Saturday was Takado Sensei's last practice with us, for now. I say for now, because we are all hoping very much that she is able to at least come back and visit us when time and circumstances allow her to. I, for one, am very grateful I was able to meet and train under such a great sensei, and great person, and I know the rest of our dojo feels the same way. It's going to be hard to imagine training without her from now on, as she's been a big part of our dojo for the past few years (even before I came back), and she's been a big inspiration to myself and everyone else. I hope to keep her teaching and advice close and use it to flourish in my Kendo training.

I arrived early at the dojo on Saturday, not wanting to miss a thing that happened that day, and was honored to be part of another kenshi's testing that day. He is in the intermediate class, and was testing to move into the advanced/pre-bogu class. He passed, so it will be fun to have another person in our advanced class soon.

A LOT of people showed up for advanced class. Word went out to everyone that it was Takado Sensei's last day, so almost every member of our dojo showed up for a final chance to practice and do jigeiko with her. I was lucky enough to have a few rotations with her, including a few drills and one last round of jigeiko.
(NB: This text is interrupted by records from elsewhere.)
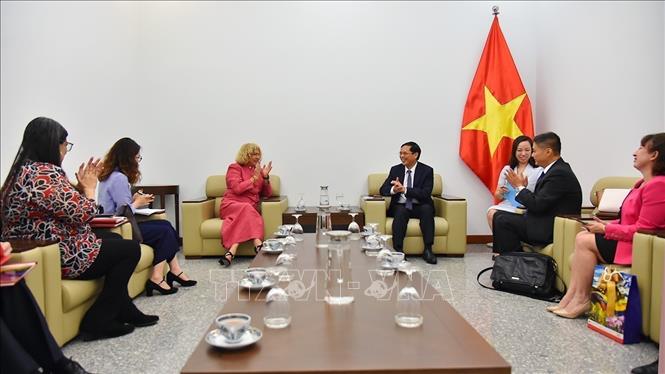 Minister of Foreign Affairs Bui Thanh Son receives Deputy Foreign Minister of Venezuela Capaya Rodriguez./.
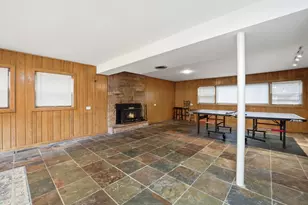 2401 Rohlwing Rd, Rolling Meadows, IL 60008 - Photo 29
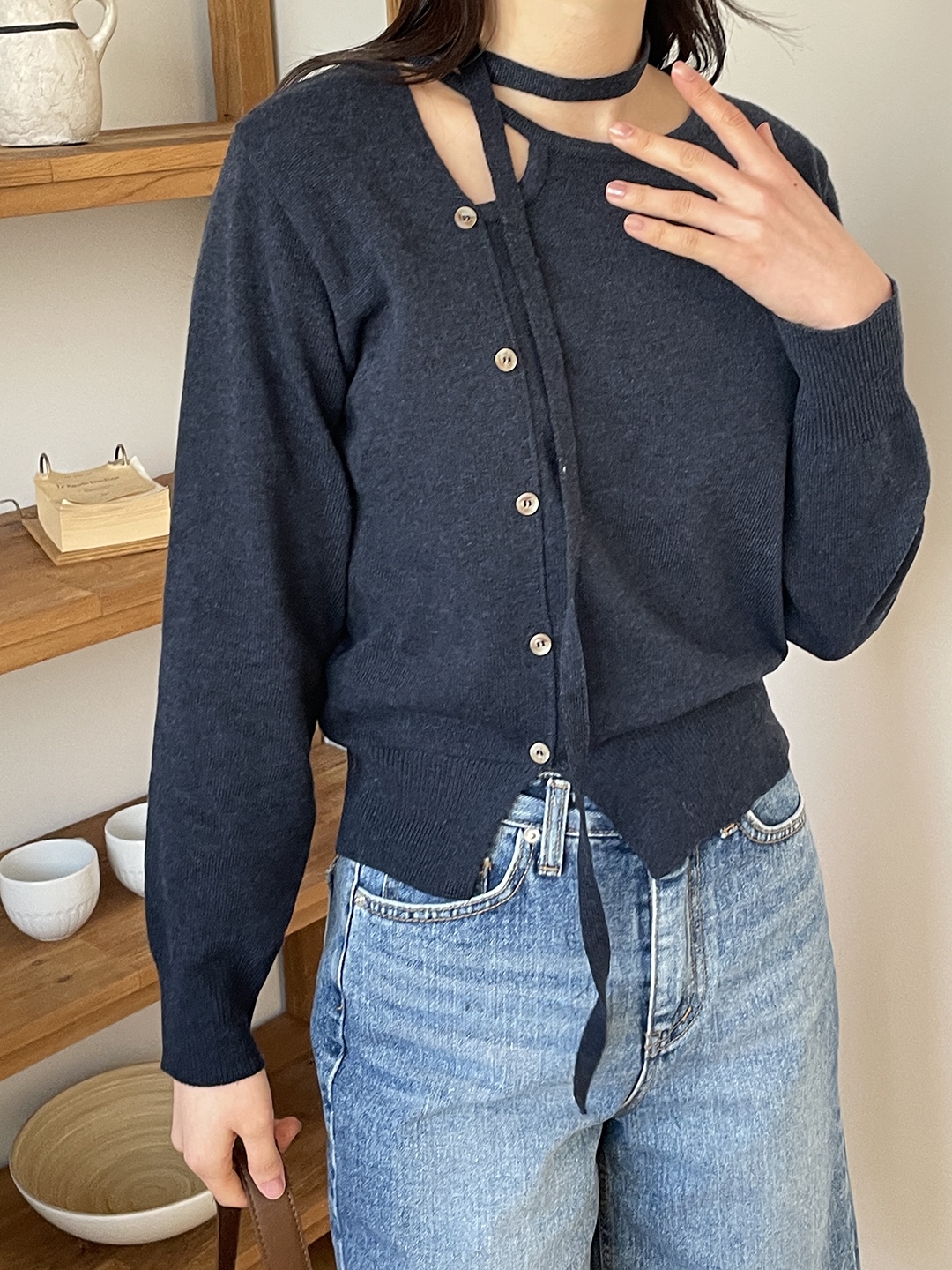 ストラップアンバランスネックスリットルーズアンバランス長袖フェイクボタンセミクロップド無地ニットストラップ付 | 詳細画像11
We started off with Sinclair Sensei leading us through exercises and suburi to warm up, and then moved into Kirikaeshi, Men, Kote, and Do drills. Men and Kote feel ok right now, Do is starting to feel better. I think taking the shorter step really helps. One of my big problems, I think, is that I was trying to over-extend the hit, so it made me do all kinds of weird things, including lifting my foot too high on my fumikomi. I will keep working on this and see what I can do to fix it.

We moved onto a few Kote drills, including Kote-Men, and Debana Kote, and a final Nuki Do, before settling in for a LOT of jigeiko. Sensei wanted to make sure and give everyone and opportunity to do jigeiko with Takado Sensei. My match with her was, well, enlightening! I tried to hit her, but the only times I was able to were when she gave me openings. She told me not to think, not to stop, not to hesitate, but to go and hit. I'll definitely have to work on that. Seeing the opening and taking it before it goes away. I second-guess myself a lot during jigeiko, and in that small hesitation I lose a lot of opportunities. I will continue to work on this. Another point to note was my jigeiko with Billy Joe. I actually tried and had a successful Nuki Do on him, except that I didn't think I was going to get it so my hit was super soft. I had everything else, though. The timing, the hit, the step, so next time I need to fully commit to it (sutemi).
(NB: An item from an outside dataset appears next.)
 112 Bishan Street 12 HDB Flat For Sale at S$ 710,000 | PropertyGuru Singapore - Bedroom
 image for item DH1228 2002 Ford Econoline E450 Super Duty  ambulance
We ended class with Kakarigeiko, and we all had a chance to say our goodbyes to Takado Sensei at the dojo. They had planned a going away party for her, as well, which most of us attended. It was fun to get together with my fellow kenshi for food, drinks, good company and conversations, and to wish Takado Sensei well on the next stage of her life. I, for one, will work hard with my training, and I know that we're all looking forward to seeing her again!

A few thoughts from the day:

Men: Again, be sure that I'm doing a straight cut, up and down.

Do: Remember to keep my fumikomi small, and make a small motion with the cut, much like the small Kote cut. Also against moving opponents, time it so that I'm hitting on the side instead of the front of the Do. Sensei pointed out that a lot of times we do less than what we practice, so if we practice hitting the front of the Do we'll get less than that when it counts. So be sure to practice correct form.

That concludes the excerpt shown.